Using STAR-CD in principle works as follows (access to the STAR-CD module is restricted by ACLs)
- prepare your input files on your local machine; the RRZE systems are not supposed for interactive work.
If you have to use the RRZE systems for some reason for pre/postprocessing, do not start prostar, etc. on the login nodes but submit an interactive batch job using
qsub -I -X -lnodes=1:ppn=4,walltime=1:00:00!
- transfer all input files to the local filesystem on the Woody cluster using SSH (scp/sftp), i.e. copy them to
- Use a batch file as follows:
#!/bin/bash -l # DO NOT USE #!/bin/sh in the line above as module would not work; also the "-l" is required! #PBS -l nodes=2:ppn=4 #PBS -l walltime=24:00:00 #PBS -N STARCD-woody #... any other PBS option you like # let's go to the directory where the script was submitted cd $PBS_O_WORKDIR # load the STAR-CD module; either "star-cd/3.26_64bit" or "star-cd/4.02_64bit" module add star-cd/3.26_64bit # here we go star -dp `cat $PBS_NODEFILE`
- submit your job to the PBS batch system using
- wait until the job finished
- transfer the required result files to your local PC, analyze the results locally (using your fast graphics card)

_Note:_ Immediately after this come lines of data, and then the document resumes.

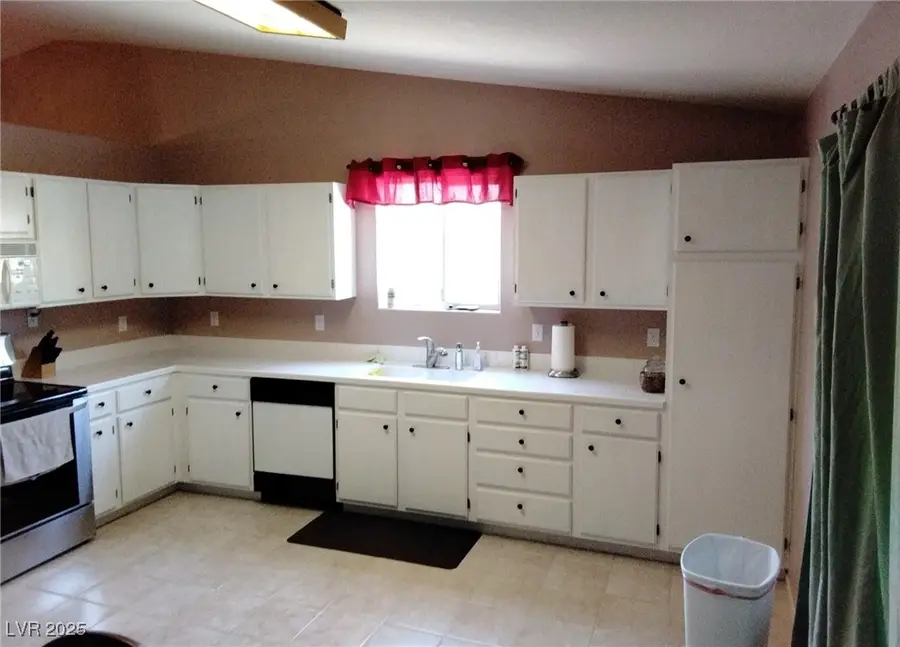 1791 S Highland Avenue, Pahrump, NV 89048 - #3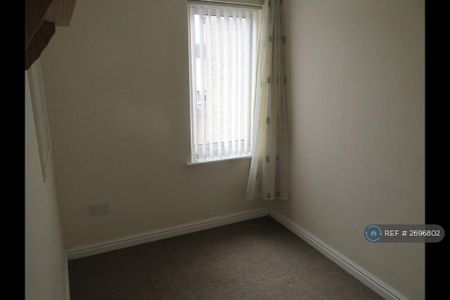 3 bedroom end of terrace house to rent - Photo 3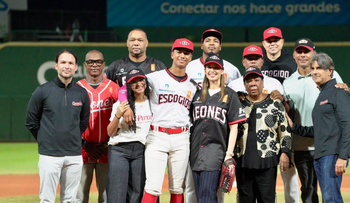 Dotel, un fiel escogidista, es homenajeado por los Leones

- delete all files you no longer need from the RRZE system as disk space is still valuable
Some more details on “ERROR: ld.so: object ‘libmpi.so’ from LD_PRELOAD cannot be preloaded: ignored” message: Looking into the script which is actually used to call the STAR-CD binary, I can guess where the message might come from. They use something like
$HPMPI/bin/mpirun ... -e LD_PRELOAD=libmpi$PNP_DSO ... -f .starboot.mpi, i.e. they do not specify a path for the library to be preloaded. I’m not sure what the current policy of ld.so from glibc is (does it look at the current LD_LIBRARY_PATH – if set) or does it only look at “secure” (predefined) directories. If the latter is the case, star of course cannot find the library …

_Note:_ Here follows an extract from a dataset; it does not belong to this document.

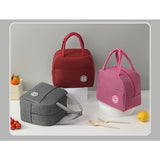 Geanta Termica pentru Pranz Vivimall, Multifunctionala, Compartimentata, Impermeabila, cu Manere, Buzunar Exterior, 22x14x19 cm, Rosu - vivimall.ro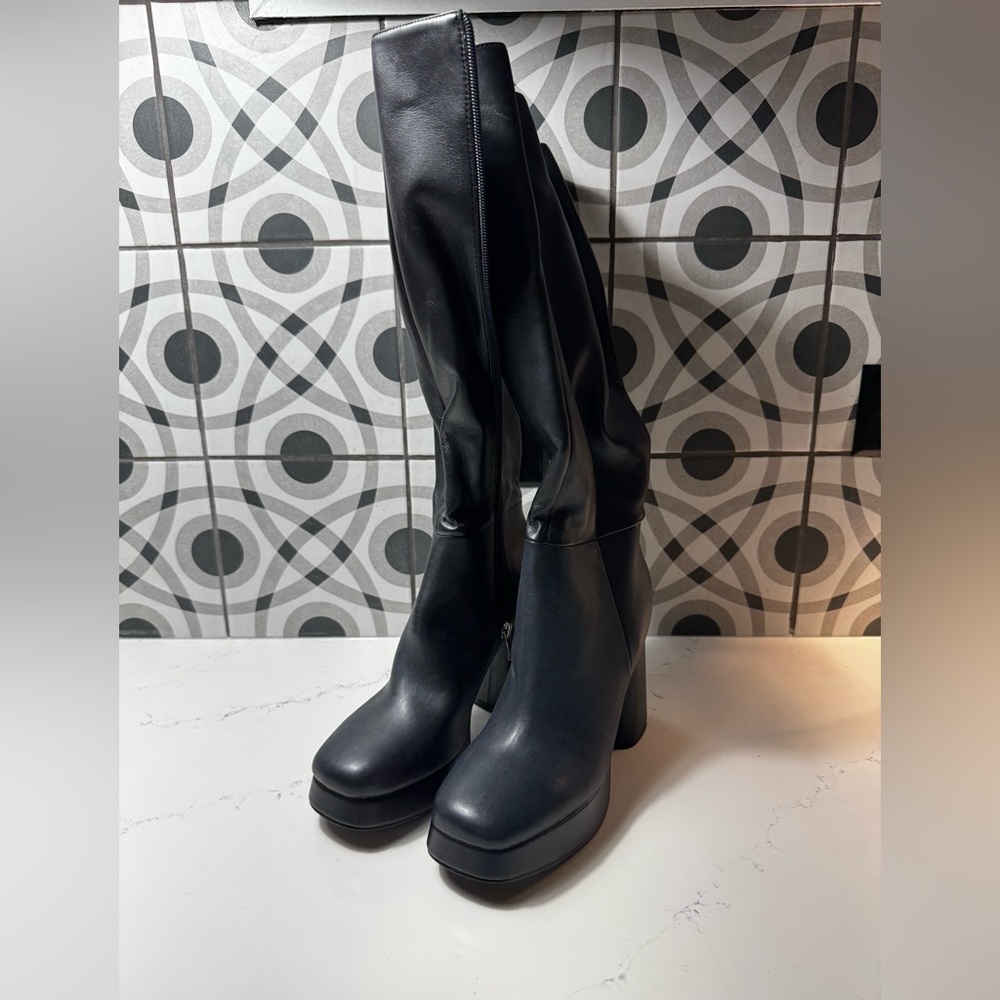 Nine West Black Platform Knee-High Boots – Never Worn - Size 9 - Picture 10 of 12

Problems with STAR-CD-4.02 (64-bit) and Infibiband: Running the PGI variant of STAR-CD-4.02 (64-bit) over Infiniband (i.e. using HP-MPI) currently may fail on our new Woody-cluster as well as on the Infiniband partition of the Transtec-cluster. The observations (currently based on just a signle testcase) are as follows:
- STAR-CD-4.02/PGI using HP-MPI/VPAI runs fine for a few iterations but then suddenly stops to consume CPU time on most of the nodes.
- STAR-CD-4.02/PGI using HP-MPI/TCP or mpich runs fine.

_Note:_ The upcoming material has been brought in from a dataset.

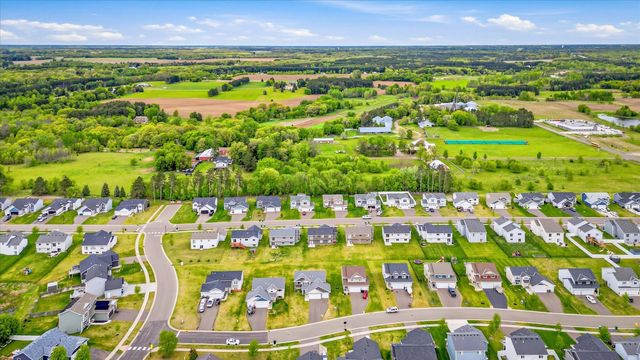 422 Bluebird Drive NW, Isanti, MN 55040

- STAR-CD-4.02/Absoft runs fine even with HP-MPI/VAPI!
Further tests are currently on their way …
For the moment,
module add star-cd/4.02_64bit; star -mpi=hp -mppflags="-v -prot -TCP" is the recommended way of starting STAR-CD-4.02.
Sometimes also problems of STAR-CD 3.26 with Infiniband: According to a user report, also STAR-CD 3.26 with HP-MPI over Infiniband has the problem that it suddenly stops to run. It seems the the AMG-preconditioner is the reason for the problems.
So, check if Infiniband runs fine for your cases, if not (and only if not) add
-mpi=hp -mppflags="-v -prot -TCP"
Upgraded IB stack seems to solve Infiniband problems: Updating from the Voltaire ibhost-stack to the Voltaire GridStack 4.1 (which is OFED-1.1 based) seems to have solved the issue with hanging STAR-CD processes. Please try to run without the argument
As a technical note: the HP-MPI version which comes with STAR-CD 4.02 or 3.26 is too old to work with OFED; thus, the latest HP-MPI (i.e. 2.02.05) has been installed on Woody. The module files for STAR-CD have been adapted to automatically use this updated version. Your output (if
-v -prot is used) should now show IBV instead of VAPI if the high speed network is used.
Using IPoverIB as fallback: If native Infiniband does not work even with the upgraded IB stack (e.g. due to a bug in connection with AMG), try IP-over-IB by using
-mppflags="-v -prot -TCP -netaddr 10.188.84.0/255.255.254.0".
Another option available in HP-MPI (which is completely unrelated to the communication network but I’m to lazy to create an other thread right now) is the ability to pin processes to specific CPUs of a node. On woody,
-mppflags="... -cpu_bind=v,map_cpu:0,1,2,3 ..." is the right choice if you run with 4 CPUs per node; if you have huge memory requirements and thus only use every second core, the correct option would be
-mppflags="... -cpu_bind=v,map_cpu:0,1 ...".